Dana Elena Enache, Claudia Valentina Georgescu, Nicoleta Patrana

This study involved 40 ER-negative female patients with invasive breast cancer, aged between 25 and 88 years, diagnosed at Emergency County Hospital of Craiova, Romania, during a two-year interval (2010-2011). All patients that took part in the study were subjected to a preoperative mammography exam, and later to HP and IHC exams, in order to detect the ER, PR and HER2 status. These exams were followed by CISH in ambiguous HER2 cases. The tumor detection method was palpation in 16 cases, whereas in 24 cases the method used was the screening mammography. Histopathologically, the analyzed tumors were infiltrative ductal carcinoma (35 cases), lobular carcinoma (one case), mucinous (two cases) and metaplastic carcinoma (two cases). Depending on the status of the oncoprotein HER2, the 40 ER-negative female patients included in the study formed two groups: the ER-negative, HER2-positive (11 cases, 27.5%) formed the first group and the ER-negative, HER2-negative (29 cases, 72.5%) formed the second group. Depending on the expression of the receptors for progesterone, 60% of cases were classified as triple negative mammary carcinomas (ER-, PR-, HER2-).

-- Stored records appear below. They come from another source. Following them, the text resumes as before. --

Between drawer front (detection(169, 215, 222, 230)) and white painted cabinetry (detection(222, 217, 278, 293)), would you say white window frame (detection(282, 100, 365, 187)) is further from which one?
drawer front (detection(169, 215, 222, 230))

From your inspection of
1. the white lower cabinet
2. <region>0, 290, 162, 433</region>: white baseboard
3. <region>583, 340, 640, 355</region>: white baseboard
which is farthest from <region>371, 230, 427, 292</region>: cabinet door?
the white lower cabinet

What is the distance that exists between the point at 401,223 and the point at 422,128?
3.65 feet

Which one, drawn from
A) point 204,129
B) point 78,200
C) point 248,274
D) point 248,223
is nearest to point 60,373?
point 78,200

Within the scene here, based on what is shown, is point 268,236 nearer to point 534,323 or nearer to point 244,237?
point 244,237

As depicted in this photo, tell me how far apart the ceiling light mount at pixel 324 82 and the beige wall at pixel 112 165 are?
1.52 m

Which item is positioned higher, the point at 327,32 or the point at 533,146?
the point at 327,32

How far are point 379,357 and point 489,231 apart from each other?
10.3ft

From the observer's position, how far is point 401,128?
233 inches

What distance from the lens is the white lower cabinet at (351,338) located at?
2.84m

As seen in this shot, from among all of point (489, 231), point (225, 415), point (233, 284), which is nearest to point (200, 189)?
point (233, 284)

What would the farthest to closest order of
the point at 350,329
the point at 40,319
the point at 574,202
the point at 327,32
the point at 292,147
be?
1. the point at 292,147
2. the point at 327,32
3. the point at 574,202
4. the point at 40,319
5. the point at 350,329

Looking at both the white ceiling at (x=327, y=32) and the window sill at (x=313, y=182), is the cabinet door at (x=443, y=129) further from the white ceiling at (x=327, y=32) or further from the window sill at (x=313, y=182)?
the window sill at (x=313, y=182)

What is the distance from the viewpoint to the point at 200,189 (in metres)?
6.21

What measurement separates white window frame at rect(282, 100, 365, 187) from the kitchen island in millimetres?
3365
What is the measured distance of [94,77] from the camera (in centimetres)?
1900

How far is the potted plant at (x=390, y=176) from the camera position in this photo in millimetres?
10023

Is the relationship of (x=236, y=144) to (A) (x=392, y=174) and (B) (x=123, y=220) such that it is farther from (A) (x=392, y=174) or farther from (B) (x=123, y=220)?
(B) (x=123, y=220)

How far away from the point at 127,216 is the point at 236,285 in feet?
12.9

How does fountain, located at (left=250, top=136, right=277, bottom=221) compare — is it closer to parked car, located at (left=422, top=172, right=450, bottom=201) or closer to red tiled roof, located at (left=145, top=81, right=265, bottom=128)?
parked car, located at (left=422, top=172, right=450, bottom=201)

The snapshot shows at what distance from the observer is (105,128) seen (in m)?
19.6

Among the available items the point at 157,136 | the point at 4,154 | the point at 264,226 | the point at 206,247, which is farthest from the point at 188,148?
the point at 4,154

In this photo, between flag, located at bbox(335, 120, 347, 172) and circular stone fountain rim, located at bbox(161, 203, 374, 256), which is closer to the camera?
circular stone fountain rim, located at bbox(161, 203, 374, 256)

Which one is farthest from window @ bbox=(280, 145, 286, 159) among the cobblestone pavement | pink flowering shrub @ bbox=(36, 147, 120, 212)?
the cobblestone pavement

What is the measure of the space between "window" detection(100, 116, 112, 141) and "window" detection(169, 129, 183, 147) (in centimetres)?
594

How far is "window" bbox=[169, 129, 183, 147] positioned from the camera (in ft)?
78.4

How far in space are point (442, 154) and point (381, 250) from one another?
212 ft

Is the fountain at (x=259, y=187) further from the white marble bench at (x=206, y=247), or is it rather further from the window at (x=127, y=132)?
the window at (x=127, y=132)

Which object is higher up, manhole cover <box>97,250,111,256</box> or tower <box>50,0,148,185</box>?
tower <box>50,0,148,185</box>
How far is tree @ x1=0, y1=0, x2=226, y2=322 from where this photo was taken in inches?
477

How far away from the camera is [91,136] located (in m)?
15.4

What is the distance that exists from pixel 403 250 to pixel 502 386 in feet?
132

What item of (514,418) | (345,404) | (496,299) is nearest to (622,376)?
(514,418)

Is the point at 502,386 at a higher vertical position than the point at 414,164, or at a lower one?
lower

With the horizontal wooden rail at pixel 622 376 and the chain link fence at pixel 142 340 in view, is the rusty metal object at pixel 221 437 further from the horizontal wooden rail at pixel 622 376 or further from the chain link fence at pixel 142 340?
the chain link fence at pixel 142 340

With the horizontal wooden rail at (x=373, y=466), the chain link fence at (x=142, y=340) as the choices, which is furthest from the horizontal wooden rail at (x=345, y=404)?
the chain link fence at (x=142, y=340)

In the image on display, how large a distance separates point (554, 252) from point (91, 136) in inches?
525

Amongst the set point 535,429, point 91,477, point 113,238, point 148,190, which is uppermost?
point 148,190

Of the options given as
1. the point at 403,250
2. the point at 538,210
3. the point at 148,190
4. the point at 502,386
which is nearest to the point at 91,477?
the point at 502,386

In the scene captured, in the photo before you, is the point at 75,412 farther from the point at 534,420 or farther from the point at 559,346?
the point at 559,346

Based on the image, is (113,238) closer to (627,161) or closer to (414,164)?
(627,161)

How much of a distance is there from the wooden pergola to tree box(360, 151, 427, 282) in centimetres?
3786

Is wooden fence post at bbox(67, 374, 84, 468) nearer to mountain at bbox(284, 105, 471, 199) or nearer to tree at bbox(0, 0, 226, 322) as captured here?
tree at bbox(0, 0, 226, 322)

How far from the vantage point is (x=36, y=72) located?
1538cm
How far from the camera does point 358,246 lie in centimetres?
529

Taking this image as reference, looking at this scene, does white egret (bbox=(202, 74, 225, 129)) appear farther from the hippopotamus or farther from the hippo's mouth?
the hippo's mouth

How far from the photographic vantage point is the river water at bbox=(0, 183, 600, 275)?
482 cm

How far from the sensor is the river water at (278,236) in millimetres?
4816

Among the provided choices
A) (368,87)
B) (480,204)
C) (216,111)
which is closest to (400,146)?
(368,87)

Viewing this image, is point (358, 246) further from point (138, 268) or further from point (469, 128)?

The comparative study of the ER-negative, HER2-positive and the ER-negative, HER2-negative mammary carcinomas showed that the tumors of the ER­negative, HER2-positive group were mostly high degree cancers (80% vs. 56%), with negative progesterone receptors (81.81% vs. 48.27%), associated with axillary lymph node metastasis (63.63% vs. 48.27%), and were detected at a higher cancer stage (II/III) (81.81% vs. 62.06%). Regarding the mammographic features, the ER-negative HER2-positive breast cancers are more likely to be irregular masses (62.5% vs. 33.33%), with spiculated margins (45.45% vs. 6.9%), frequently associated with dense or heterogeneously dense breast (82% vs. 69%) and pleomorphic calcifications (62.5% vs. 28.57%) comparative with ER-negative HER2-negative cancers that were more frequently round/oval mass, with indistinct margins and a great variety of morphological types of calcifications. The correlations between imaging and clinical aspects, together with the biomarker expression in breast cancers may sooner suggest the biological characteristics of these tumors, thus hinting at their evolution and helping to identify female patients with invasive breast cancer that will positively respond to an aimed therapy.